するとロジエは泣き腫らした瞳で、眉根を寄せた。
「…………私以外駄目です…」
「ははっ。二人きりの時にあまり可愛いことを言うなよ。さっきと同じ目にあうぞ」
さっきと同じ目と言われ、ロジエの顔にさっと朱が差す。警戒するかと思えば、ロジエはもう一度強くレクスに抱きついた。そしてレクスの耳元で小さく囁く。
「嫌では無いですよ」
「私、レクス様になら全てを捧げられます」
どくりと心臓が波打つ。
何よりも嬉しいその言葉をレクスは胸に刻み、反芻し、切なげに眉を寄せ瞳を閉じる。
「ロジエ……。頼む。お前の事が大事なんだ。
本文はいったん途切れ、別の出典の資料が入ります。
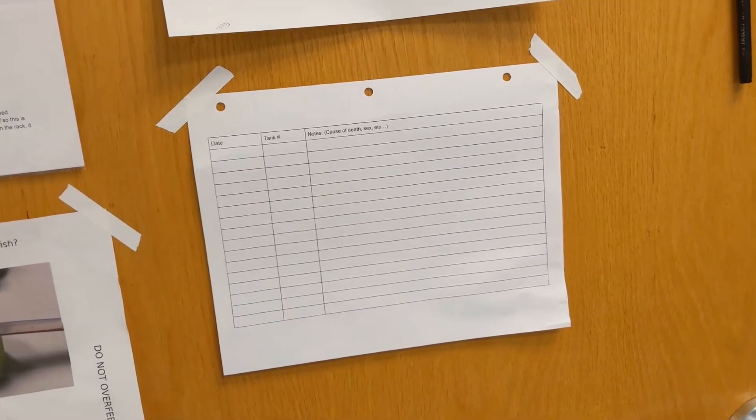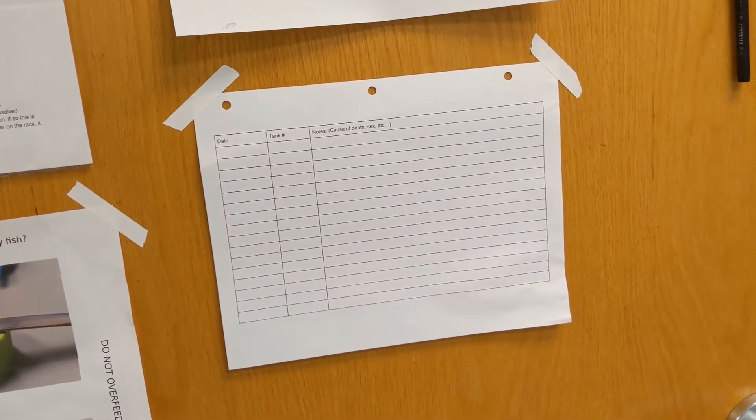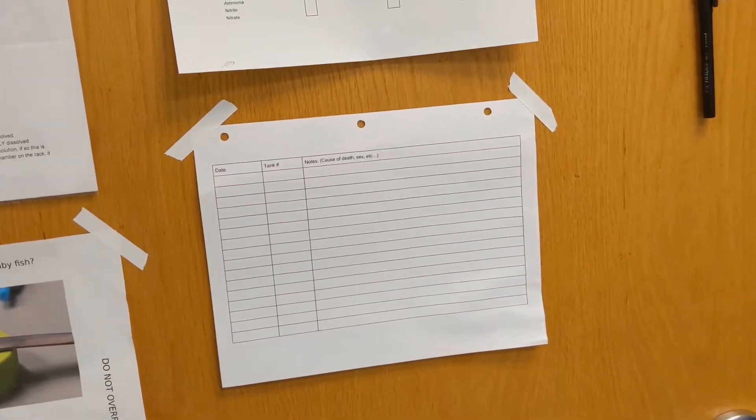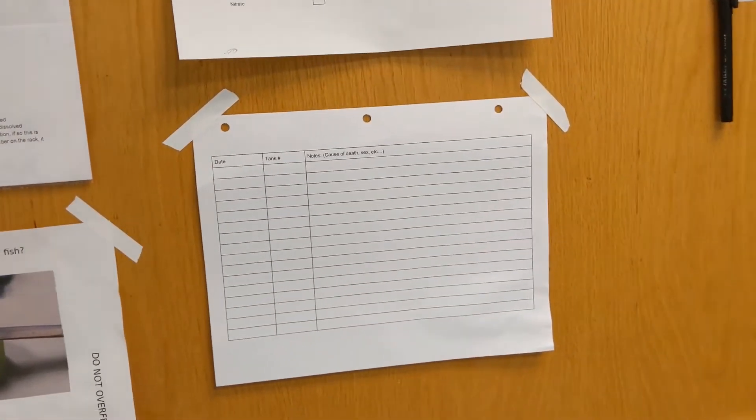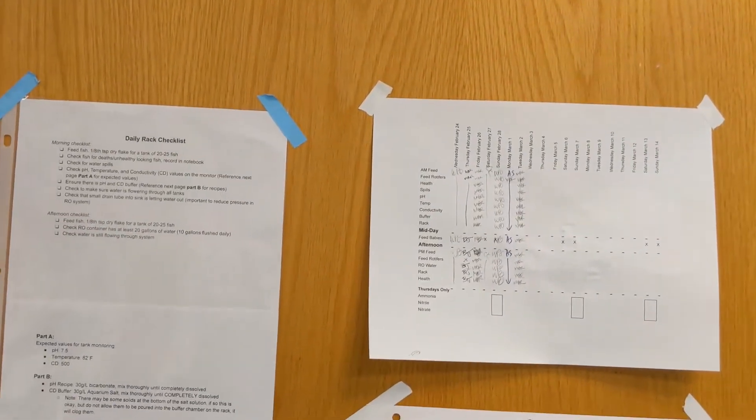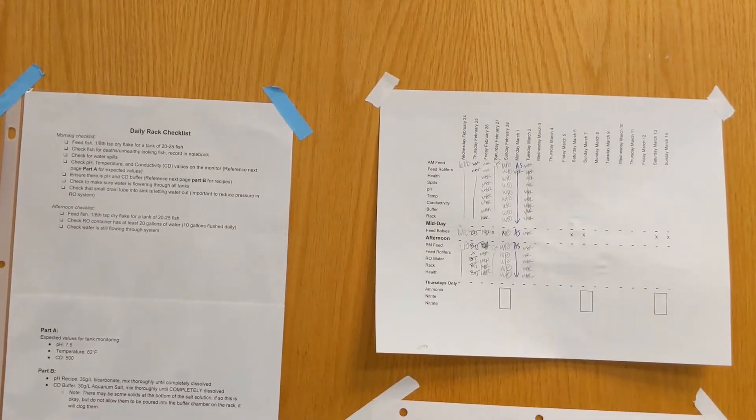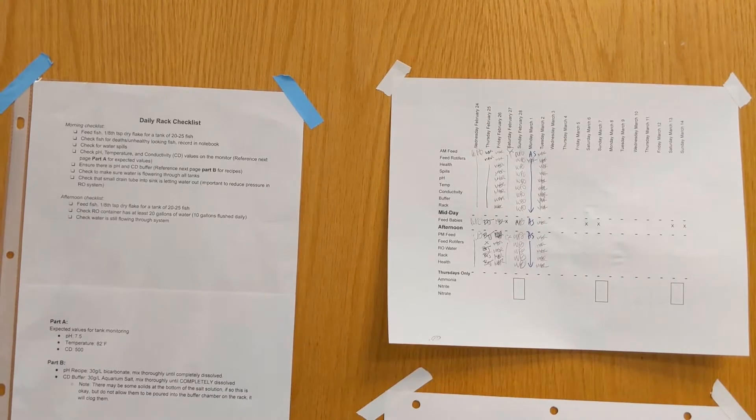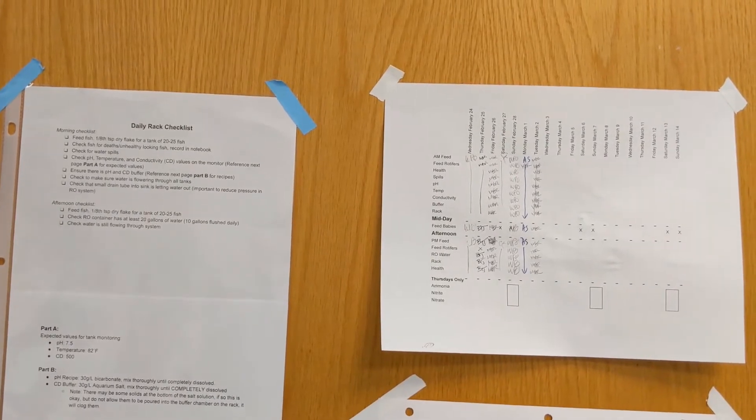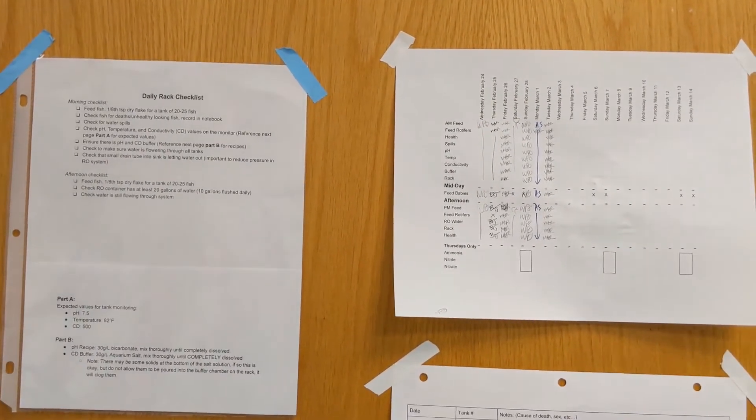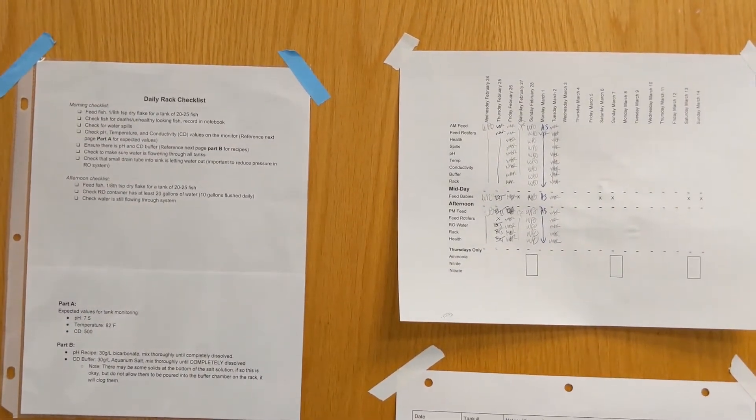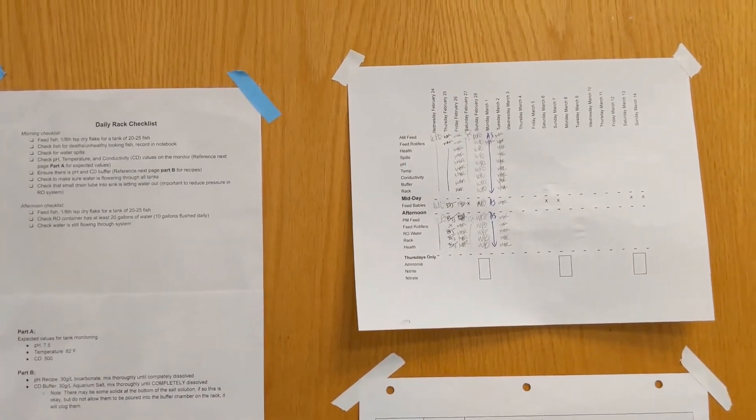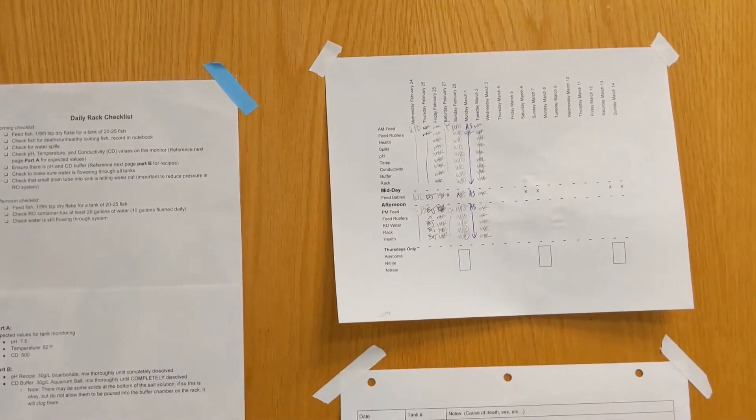This could indicate that there is some sort of issue with the rack or a pathogen or bacteria is attacking the fish. We also have a daily rack checklist to ensure that the rack is in proper working order. We first check to make sure that water is flowing to each tank and that no nozzles are clogged.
だから今は我慢するから、婚姻後にもう一度言ってくれ」
今はまだ駄目だ。
何もかもが終わり、ただ幸せだと。
身を委ねる事にそれだけしか考えられないくらいに幸せになったときに。
総てを与えて欲しい。
そして自分もそれ以上のものを与えられたらと思う。
「ロジエ、共に、いや、皆で幸せになろう」
「……はい……」
触れるだけ、誓いのような口付けが交わされた。